Margarine became a popular butter substitute in the mid 20th century, consumed for it’s supposed cholesterol-lowering effect. Most tasted nothing like real butter, but the game started to change when “I Can’t Believe It’s Not Butter” was Introduced in 1981. Improvements were made over the years, and from what I read (I don’t use the product), it actually does taste and cook like real butter. Many would still argue that nothing is better than the real thing, but for those who need to lower their calorie intake, or for vegans who want a non animal based product, the substitute has great value. And the margarine now has no trans fats, some are made from organic ingredients. (I cook mostly with olive oil, but when I need butter, I do use the real one.)
In the selection of finish materials for both the interior and exterior of a house, choices are often made between using natural materials vs. manufactured alternatives. The decision can come down to a variety of factors- aesthetics, cost, maintenance, durability, environmental concerns.
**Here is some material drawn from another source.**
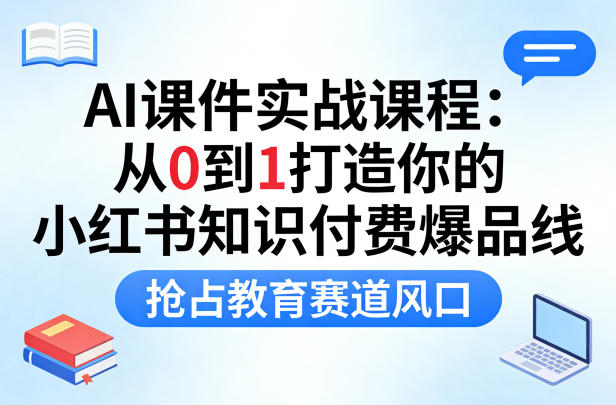 AI课件实战课程,从0到1打造你的小红书知识付费爆品线,抢占教育赛道风口网创吧-网创项目资源站-副业项目-创业项目-搞钱项目网创吧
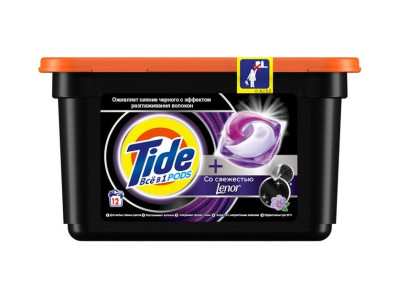 Капсулы для стирки Tide Black свежесть Lenor 12х21.3г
Not so long ago, the look of the man made alternative, (stone and wood being the most frequently substituted materials) wasn’t even close to the real thing. But technology and product development has yielded some surprising man made replications of these natural materials.
Stone is always a desirable material on both exteriors and interiors of homes, and here is one area where man made options have made substantial improvements in recent years. Manufactured stone is a mix of Portland cement, aggregates and iron oxides formed in molds to look like stone. The early products were never even close to replicating the look of stone, but today the products from the best manufacturers are very convincing, and it can be difficult to tell natural from manufactured stone in many cases. A high quality manufacturer may use thousands of molds from real stones. Like the diner who is looking for a low calorie alternate to butter, budget conscious homebuilders can get the look of stone for 1/3 to 1/2 the installed cost of natural stone. And like the vegan who’s concerns are more moral, the environmentalist would argue that the manufactured stone uses raw materials that are abundant, and unlike real stone, doesn’t deface the landscape in the mining process.
There are features of real stone that can’t be duplicated with the manufactured, the subtleties of color and sheen, it’s durability, and the art that comes with a hand crafted installation. It will always be a desired material for creating buildings. I’d rather use the real thing when possible, but I’ve come around to accepting the “fake” for what it is- a beautiful, cost effective cladding material that can add texture, color and interest to the homes I design.